さらに時代が進むと、牛丼や焼肉、ステーキなど、さまざまな牛肉料理が日本に広がっていきます。

「和牛」が生まれるまで

 

日本の牛肉文化が発展していく中で、現在の「和牛」につながる牛の改良も進められました。

日本ではもともと農作業などに使われていた在来の牛に、外国から導入された牛の血統を掛け合わせるなどして、肉用牛としての改良が進みます。

その後、長い年月をかけて改良が続けられ、現在の黒毛和種などにつながっていきました。

こうして日本独自の牛肉文化が形成されていったのです。

 

まとめ|牛肉は「文明開化」とともに広まった

日本には古くから牛がいました。

しかし、牛は主に農作業や運搬のために利用され、牛肉を食べることは一般的ではありませんでした。
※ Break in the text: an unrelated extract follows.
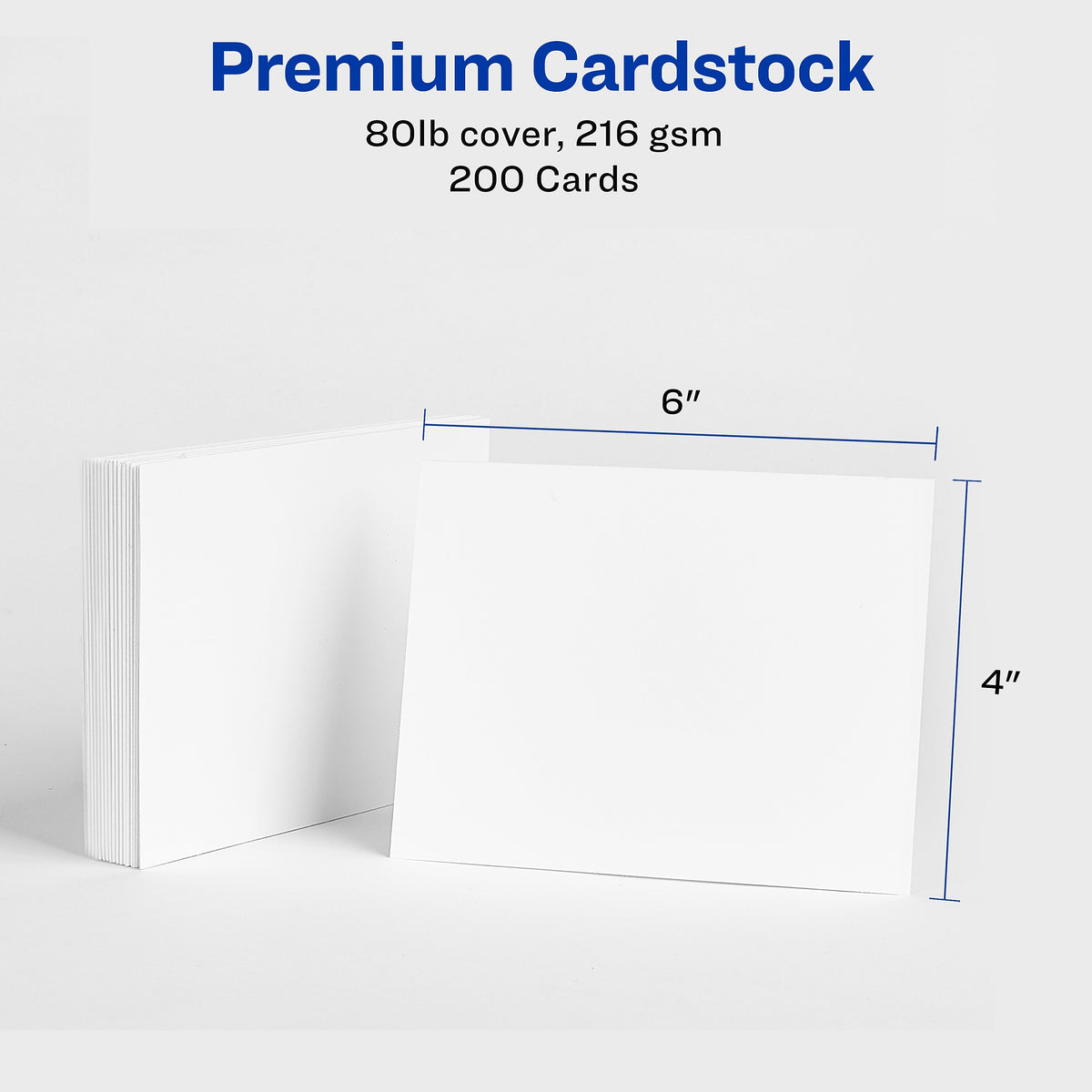 Avery® 4" x 6" Laser Postcards, Heavy Card Stock, White, 100/Box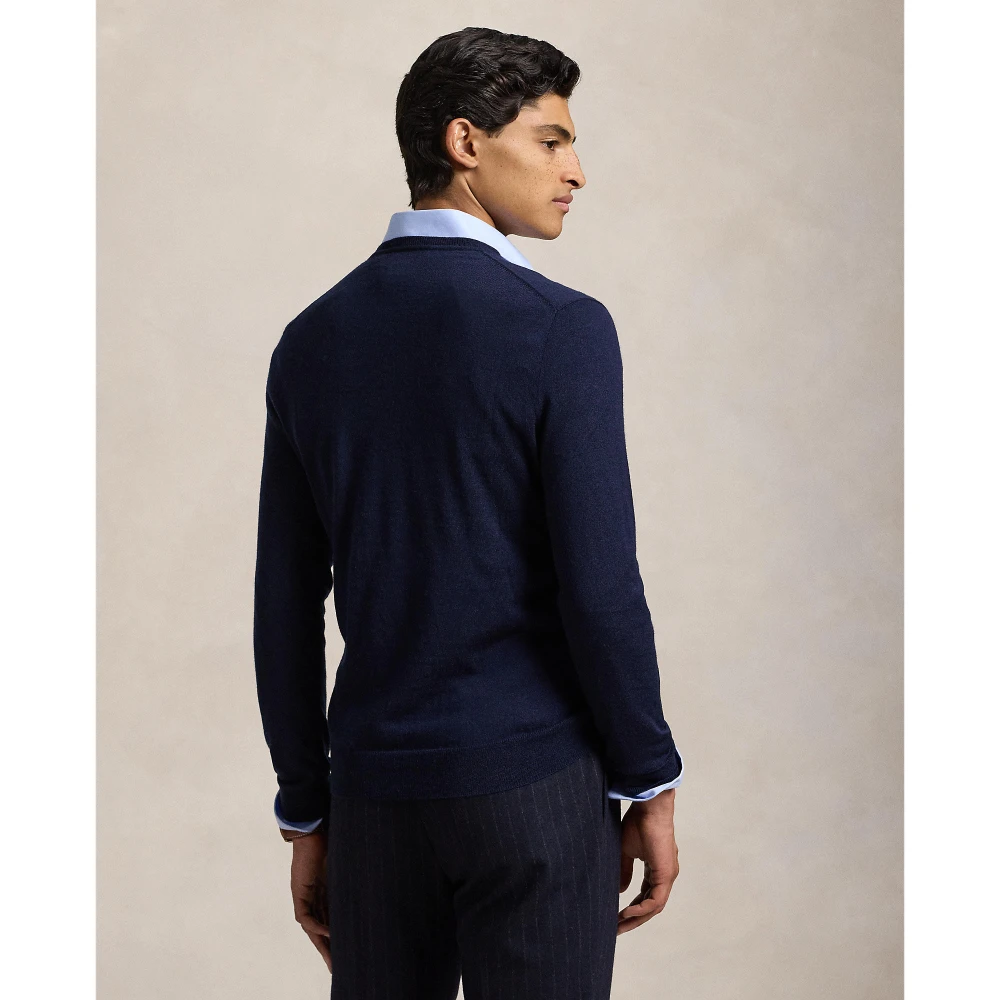 Ανδρικό Μάλλινο Πουλόβερ V-Neck Slim Fit Polo Ralph Lauren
そこに大きな変化をもたらしたのが明治時代の文明開化です。

西洋文化の流入、政府による肉食の奨励、牛鍋の流行などが重なり、日本人の食生活に牛肉が少しずつ定着していきました。

現在、私たちが当たり前のように食べている牛肉。

その背景には、宗教、農業、文明開化、食文化の変化、そして牛そのものの改良という長い歴史があります。

焼肉やすき焼きを食べるときに、その一皿の背景にある日本の食文化の歴史を少し思い浮かべてみるのも面白いかもしれません。